The woman turned to her. “Don’t worry, my dear. You can’t hurt me. Not now, not any more. Would you like to see my baby? I thought I’d lost him. I lost so many back then. It was horrible, all those dead babies. The midwives tried to stop me seeing them; but I looked just the same. They were all perfect, so beautiful, my babies. An evil life it was.” She bent forwards over the pram and lifted out a squirming bundle draped in lacy white cloth. The baby cooed as she held it out.

“Where have you come from?” Reza asked. “Are you the sequestration program?”

“I have my life back. I have my baby back. That’s what I am.”

Ariadne stepped forward. “I’m going to get a sample from one of those buildings.”

“Right,” Reza said. “Sewell, go with her.”

The two of them walked round the woman and started off towards the nearest house, a whitewashed Spanish hacienda.

The baby let out a long gurgle, smiling blithely, feet kicking inside the wrap. “Isn’t he just adorable,” the woman said. She tickled his face with a finger.

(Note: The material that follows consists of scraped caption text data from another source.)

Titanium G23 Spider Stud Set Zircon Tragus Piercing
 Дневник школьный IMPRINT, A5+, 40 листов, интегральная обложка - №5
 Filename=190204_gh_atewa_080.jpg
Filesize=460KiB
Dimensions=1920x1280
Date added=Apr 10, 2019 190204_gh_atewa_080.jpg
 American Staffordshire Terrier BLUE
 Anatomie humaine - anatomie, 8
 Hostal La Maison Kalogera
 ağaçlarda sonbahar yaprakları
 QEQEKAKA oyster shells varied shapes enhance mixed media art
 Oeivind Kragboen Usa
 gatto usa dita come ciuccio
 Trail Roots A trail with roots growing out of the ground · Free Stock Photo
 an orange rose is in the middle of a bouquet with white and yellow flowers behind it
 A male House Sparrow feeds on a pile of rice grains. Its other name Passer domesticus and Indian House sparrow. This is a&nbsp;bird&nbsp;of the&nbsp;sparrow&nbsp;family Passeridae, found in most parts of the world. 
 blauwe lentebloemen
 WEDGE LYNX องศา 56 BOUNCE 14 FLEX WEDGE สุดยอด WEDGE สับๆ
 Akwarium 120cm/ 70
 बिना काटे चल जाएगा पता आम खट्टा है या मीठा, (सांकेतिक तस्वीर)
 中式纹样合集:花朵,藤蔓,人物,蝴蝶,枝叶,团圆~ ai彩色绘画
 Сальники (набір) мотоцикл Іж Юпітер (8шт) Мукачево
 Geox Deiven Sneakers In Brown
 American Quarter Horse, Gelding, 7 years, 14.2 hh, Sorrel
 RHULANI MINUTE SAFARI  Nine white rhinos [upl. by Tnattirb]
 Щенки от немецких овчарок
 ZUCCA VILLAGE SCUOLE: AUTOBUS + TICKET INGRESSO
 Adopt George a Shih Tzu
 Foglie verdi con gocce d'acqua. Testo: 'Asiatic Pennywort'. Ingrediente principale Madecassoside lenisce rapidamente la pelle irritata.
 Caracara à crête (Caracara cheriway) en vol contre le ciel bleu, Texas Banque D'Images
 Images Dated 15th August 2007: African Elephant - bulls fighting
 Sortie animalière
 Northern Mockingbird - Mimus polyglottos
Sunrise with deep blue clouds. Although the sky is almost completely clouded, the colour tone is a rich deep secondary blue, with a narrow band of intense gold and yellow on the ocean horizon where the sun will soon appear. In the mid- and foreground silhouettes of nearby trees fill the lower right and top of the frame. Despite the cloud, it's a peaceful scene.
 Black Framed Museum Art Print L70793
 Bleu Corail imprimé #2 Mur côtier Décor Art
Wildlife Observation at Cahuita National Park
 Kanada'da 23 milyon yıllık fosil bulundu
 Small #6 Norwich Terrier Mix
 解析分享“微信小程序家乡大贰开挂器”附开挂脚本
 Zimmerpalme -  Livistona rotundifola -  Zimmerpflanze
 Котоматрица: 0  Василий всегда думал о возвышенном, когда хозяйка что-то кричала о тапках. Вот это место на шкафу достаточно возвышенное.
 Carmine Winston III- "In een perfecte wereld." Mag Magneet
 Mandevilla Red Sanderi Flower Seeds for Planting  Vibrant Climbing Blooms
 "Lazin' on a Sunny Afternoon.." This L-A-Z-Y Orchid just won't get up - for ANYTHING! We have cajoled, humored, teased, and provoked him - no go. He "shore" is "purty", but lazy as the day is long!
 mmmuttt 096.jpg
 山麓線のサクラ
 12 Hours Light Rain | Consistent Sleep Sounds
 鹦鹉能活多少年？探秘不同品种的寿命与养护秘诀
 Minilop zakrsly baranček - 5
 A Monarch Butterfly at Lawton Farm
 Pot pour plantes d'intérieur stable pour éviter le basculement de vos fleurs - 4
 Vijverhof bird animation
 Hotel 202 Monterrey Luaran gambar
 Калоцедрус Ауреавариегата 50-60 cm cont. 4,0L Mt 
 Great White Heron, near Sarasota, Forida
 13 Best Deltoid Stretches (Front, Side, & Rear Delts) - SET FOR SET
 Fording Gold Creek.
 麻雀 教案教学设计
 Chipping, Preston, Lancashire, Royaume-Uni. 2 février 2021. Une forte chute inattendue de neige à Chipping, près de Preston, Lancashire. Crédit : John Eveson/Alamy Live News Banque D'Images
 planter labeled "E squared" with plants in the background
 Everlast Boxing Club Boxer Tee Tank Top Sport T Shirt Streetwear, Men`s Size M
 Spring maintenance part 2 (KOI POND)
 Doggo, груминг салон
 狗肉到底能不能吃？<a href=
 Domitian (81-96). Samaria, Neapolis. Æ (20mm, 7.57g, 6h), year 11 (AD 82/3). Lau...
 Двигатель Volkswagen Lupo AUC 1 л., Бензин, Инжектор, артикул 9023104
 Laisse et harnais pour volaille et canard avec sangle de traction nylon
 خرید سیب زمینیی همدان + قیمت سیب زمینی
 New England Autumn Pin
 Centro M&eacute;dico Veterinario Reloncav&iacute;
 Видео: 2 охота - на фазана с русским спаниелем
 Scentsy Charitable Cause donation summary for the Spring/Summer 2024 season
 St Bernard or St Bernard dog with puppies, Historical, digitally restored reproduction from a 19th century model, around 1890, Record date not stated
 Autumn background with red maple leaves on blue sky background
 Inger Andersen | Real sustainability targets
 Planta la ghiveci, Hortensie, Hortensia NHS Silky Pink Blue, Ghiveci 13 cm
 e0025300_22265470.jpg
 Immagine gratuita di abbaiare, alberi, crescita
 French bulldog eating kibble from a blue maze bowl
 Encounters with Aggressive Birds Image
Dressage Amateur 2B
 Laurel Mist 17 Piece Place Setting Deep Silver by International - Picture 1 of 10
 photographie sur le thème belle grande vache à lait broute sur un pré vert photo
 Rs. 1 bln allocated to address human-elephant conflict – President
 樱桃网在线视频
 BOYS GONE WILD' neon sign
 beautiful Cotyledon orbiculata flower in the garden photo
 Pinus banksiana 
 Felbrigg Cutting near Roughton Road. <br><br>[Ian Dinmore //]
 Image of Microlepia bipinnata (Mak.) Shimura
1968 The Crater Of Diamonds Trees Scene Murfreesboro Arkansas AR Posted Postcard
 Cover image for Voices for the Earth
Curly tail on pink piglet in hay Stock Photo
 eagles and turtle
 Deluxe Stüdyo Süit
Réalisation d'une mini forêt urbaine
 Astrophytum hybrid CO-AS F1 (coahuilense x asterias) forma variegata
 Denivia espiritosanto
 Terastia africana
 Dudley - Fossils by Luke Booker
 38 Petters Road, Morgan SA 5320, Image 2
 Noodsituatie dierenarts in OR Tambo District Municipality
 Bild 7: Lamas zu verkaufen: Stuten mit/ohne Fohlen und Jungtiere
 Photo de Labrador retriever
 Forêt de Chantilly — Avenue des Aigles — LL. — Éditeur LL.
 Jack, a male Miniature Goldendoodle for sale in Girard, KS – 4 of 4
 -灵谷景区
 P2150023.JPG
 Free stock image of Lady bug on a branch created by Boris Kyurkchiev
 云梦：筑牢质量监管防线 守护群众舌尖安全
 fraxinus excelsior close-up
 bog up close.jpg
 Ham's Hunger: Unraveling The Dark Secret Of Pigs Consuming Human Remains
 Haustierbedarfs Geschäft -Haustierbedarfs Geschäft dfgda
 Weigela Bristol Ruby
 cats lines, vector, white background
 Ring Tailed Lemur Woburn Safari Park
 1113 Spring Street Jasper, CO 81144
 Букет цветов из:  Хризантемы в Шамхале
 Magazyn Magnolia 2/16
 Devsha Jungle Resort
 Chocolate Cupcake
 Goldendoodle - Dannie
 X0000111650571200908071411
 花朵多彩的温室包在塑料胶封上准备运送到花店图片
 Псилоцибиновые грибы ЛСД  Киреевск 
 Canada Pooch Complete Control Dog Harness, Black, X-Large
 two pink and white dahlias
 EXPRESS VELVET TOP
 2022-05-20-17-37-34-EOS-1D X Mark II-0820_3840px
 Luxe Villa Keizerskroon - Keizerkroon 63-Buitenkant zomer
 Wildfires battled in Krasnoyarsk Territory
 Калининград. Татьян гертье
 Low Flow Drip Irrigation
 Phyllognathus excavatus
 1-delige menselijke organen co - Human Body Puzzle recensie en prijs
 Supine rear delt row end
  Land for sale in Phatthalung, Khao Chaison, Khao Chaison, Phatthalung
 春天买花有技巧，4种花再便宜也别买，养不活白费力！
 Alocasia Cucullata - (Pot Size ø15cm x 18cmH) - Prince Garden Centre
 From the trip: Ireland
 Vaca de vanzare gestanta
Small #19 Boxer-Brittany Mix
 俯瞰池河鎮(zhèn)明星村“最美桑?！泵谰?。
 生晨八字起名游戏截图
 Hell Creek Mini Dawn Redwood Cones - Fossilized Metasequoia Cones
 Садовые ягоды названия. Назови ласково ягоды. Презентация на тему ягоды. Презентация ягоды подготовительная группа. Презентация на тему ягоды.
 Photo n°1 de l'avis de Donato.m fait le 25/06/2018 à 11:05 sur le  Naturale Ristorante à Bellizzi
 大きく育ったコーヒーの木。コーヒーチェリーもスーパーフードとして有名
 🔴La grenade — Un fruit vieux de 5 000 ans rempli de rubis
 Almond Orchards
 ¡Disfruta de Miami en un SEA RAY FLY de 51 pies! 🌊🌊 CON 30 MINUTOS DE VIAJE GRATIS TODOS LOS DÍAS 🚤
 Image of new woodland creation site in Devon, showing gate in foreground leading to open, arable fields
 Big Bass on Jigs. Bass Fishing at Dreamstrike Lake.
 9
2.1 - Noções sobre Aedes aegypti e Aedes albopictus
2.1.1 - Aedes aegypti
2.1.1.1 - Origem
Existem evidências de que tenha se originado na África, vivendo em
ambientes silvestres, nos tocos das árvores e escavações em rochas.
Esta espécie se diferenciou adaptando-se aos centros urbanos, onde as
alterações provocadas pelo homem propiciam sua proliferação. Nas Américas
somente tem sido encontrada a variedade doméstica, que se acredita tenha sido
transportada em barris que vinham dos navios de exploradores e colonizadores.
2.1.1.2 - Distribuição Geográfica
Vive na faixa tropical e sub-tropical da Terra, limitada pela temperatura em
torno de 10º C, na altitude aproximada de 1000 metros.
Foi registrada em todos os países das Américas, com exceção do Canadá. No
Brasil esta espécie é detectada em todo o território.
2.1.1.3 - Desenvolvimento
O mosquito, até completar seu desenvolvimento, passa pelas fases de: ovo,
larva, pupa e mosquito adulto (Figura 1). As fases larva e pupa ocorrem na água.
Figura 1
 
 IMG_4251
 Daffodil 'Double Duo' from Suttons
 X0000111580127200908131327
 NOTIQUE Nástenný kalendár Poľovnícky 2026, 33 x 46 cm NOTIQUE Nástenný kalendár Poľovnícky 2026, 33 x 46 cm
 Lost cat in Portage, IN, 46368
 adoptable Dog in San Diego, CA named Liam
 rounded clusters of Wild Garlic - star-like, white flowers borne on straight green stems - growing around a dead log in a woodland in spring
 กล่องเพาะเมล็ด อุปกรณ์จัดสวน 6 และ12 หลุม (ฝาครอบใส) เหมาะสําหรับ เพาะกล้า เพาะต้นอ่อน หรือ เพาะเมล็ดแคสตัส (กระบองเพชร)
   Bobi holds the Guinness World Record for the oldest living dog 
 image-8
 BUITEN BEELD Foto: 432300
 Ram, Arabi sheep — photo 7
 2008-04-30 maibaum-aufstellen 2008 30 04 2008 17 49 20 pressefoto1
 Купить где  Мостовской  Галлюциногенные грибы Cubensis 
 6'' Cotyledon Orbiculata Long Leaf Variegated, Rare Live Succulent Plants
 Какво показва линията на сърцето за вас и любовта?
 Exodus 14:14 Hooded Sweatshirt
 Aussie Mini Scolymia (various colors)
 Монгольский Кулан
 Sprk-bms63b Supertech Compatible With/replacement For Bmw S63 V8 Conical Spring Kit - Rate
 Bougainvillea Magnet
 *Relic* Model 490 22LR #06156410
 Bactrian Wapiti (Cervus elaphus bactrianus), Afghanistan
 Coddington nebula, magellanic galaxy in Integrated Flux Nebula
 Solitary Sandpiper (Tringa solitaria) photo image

“One more time,” Reza said. “What are you?”

“I am me. What else could I be?”

“And that?” He pointed to the cloud.

“That is part of us. Our will.”

“Us? Who is us?”

“Those who have returned.”

“Returned from where?”

She rocked the baby against her chest, not even looking up. “From hell.”

“She’s either nuts, or she’s lying,” Reza said.

“She’s been sequestrated,” Kelly said. “You won’t get anything out of her.”

“So sure of yourselves,” the woman said. She gave Kelly a sly look as she cuddled the baby. “So stupid. Your starships have been fighting among themselves. Did you know that?”

Reza’s neural nanonics’ optical-monitor program reported more people were appearing from the houses. “What do you know about it?”

“We know what we feel, the pain and the iron fire. Their souls weeping in the beyond.”

“Can we check?” Kelly asked urgently.

“Not from here.”

The woman laughed, a nervous cackle. “There aren’t many left to check, my dear. You won’t hear from them again. We’re taking this planet away, right away. Somewhere safe, where the ships can never come to find us. It will become paradise, you know. And my baby will be with me always.”